Every random bipartite graph is generated by 100,000 swaps; each of the 10,000 random graphs produced by the procedure has the important property of preserving the degrees of the original graph. Thus, every node of any random graph has exactly the same number of incident edges as the corresponding node in the original graph. This means that the mutation frequencies of consensus genes and patients are preserved.

Given two consensus genes a and b we are now ready to associate to their HDMI distance a significance. For each random graph i we compute the number of patients in which both a and b are mutated \(M^{i}_{ab}\), and we associate to the HDMI the following pvalue:

$$\begin{aligned} p(HDMI(a,b)) = \frac{|\{M^{i}_{ab} : M^{i}_{ab} \le M_{ab}, \quad i= 1,\dots , 10,000 \}|}{10{,}000} \end{aligned}$$

In other words, the p value corresponds to the portion of random graphs in which we get a \(M^{i}_{ab}\) lower or equal to the observed one. Notice that lower \(M^{i}_{ab}\) actually corresponds to higher HDMI(ab), since the other two components of the measure (\(M_a\) and \(M_b\)) do not vary.
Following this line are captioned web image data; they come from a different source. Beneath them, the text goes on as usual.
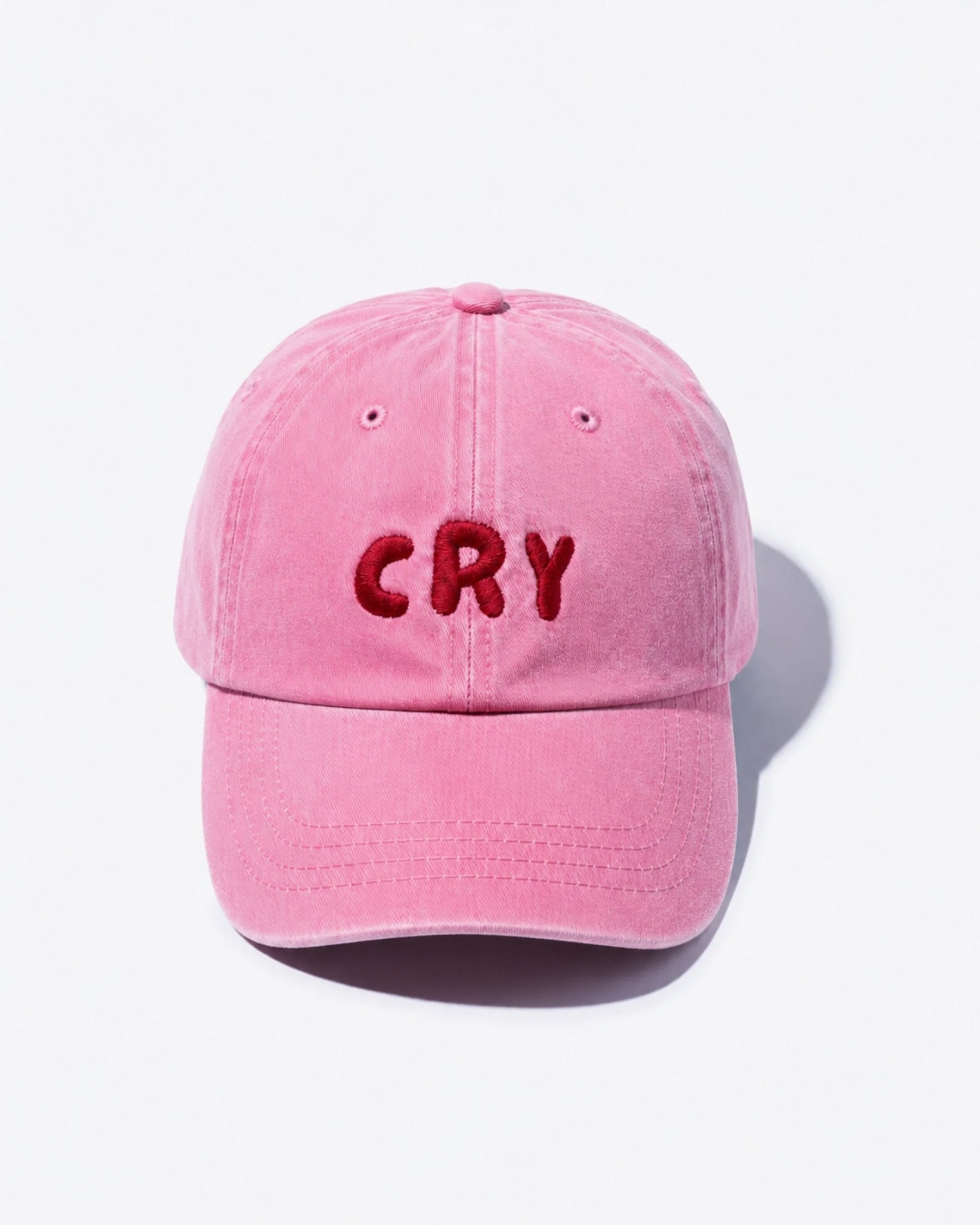 Cry Cap Washed Pink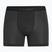 Herren Thermo-Boxershorts icebreaker Anatomica schwarz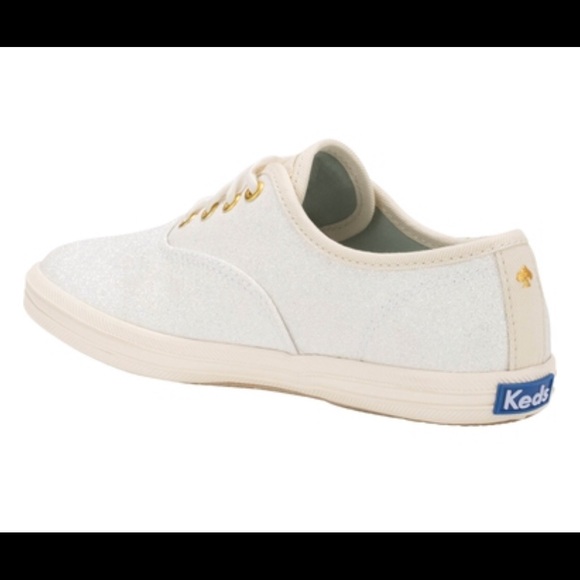 Keds for Kate Spade Girls Champion Glitter Sneaker - Picture 2 of 4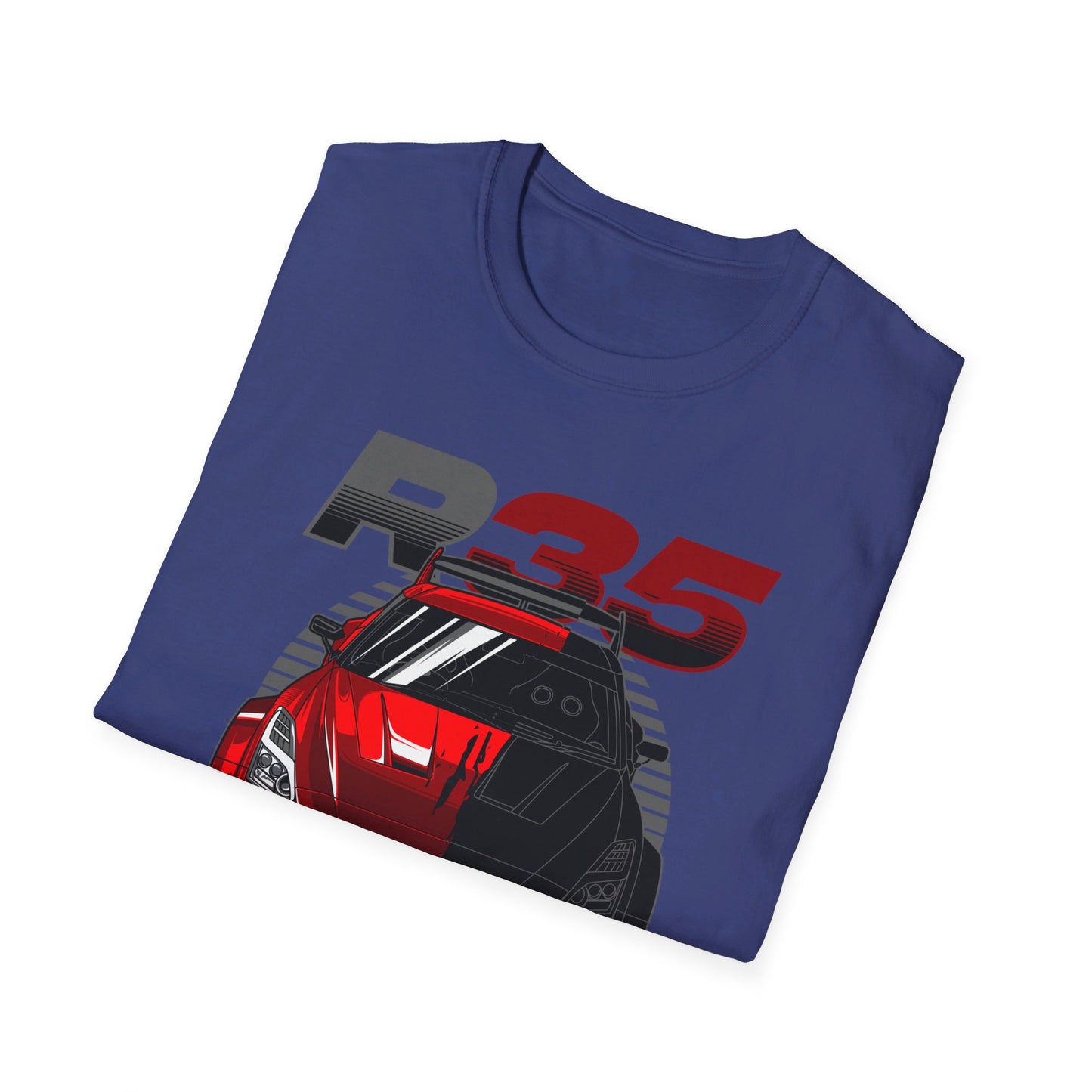 Godzilla Unleashed GT-R R35 T-Shirt – Dominate with the Legendary GT-R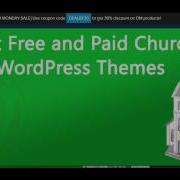 5 Best Free And Paid Church WordPress Themes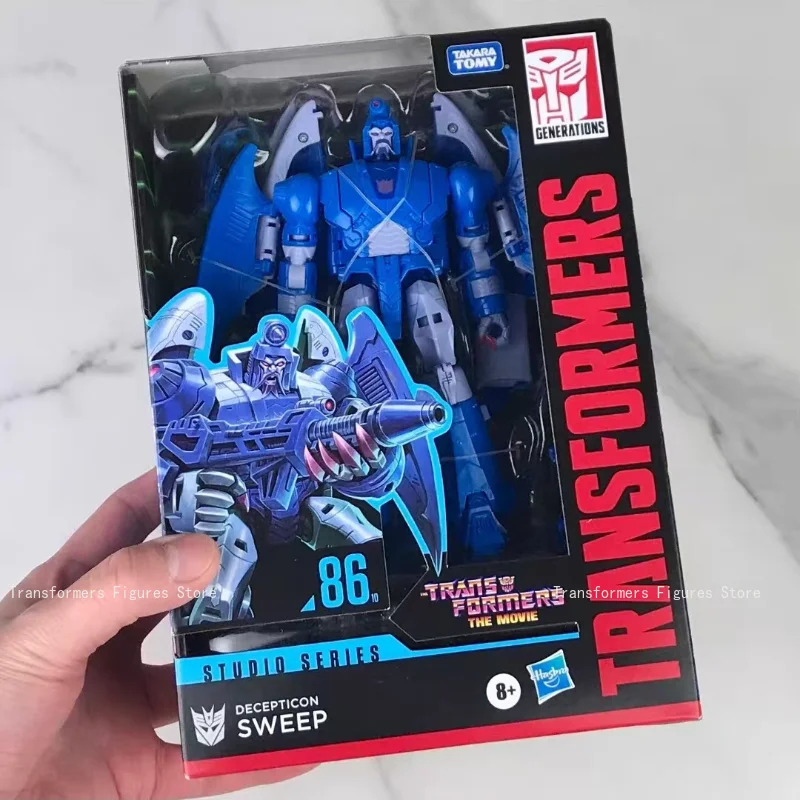 Originele Gloednieuwe Transformer Robot Model Speelgoed SS-86 10 Sweep G1 Studio Film Cartoon Action Figure Anime Populaire Kinderen Gift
Identifying synthetic lethality candidates

The previous step produces pairs of gene groups (X, Y) where mutations in the genes in X tend to be mutually exclusive to mutations in the genes in Y. Given that the mutation profiles of the genes within the same group are similar, the HDMI value and the associated p value computed on X and Y is a valid approximation of the HDMI and associated p value between any pair of genes \(x \in X\) and \(y \in Y\). Since we postulate that SL implies mutual exclusion, we expect at least one pair of gene \(x \in X\) and gene \(y \in Y\) to be an SL pair, though we do not know the exact gene pair (x,y).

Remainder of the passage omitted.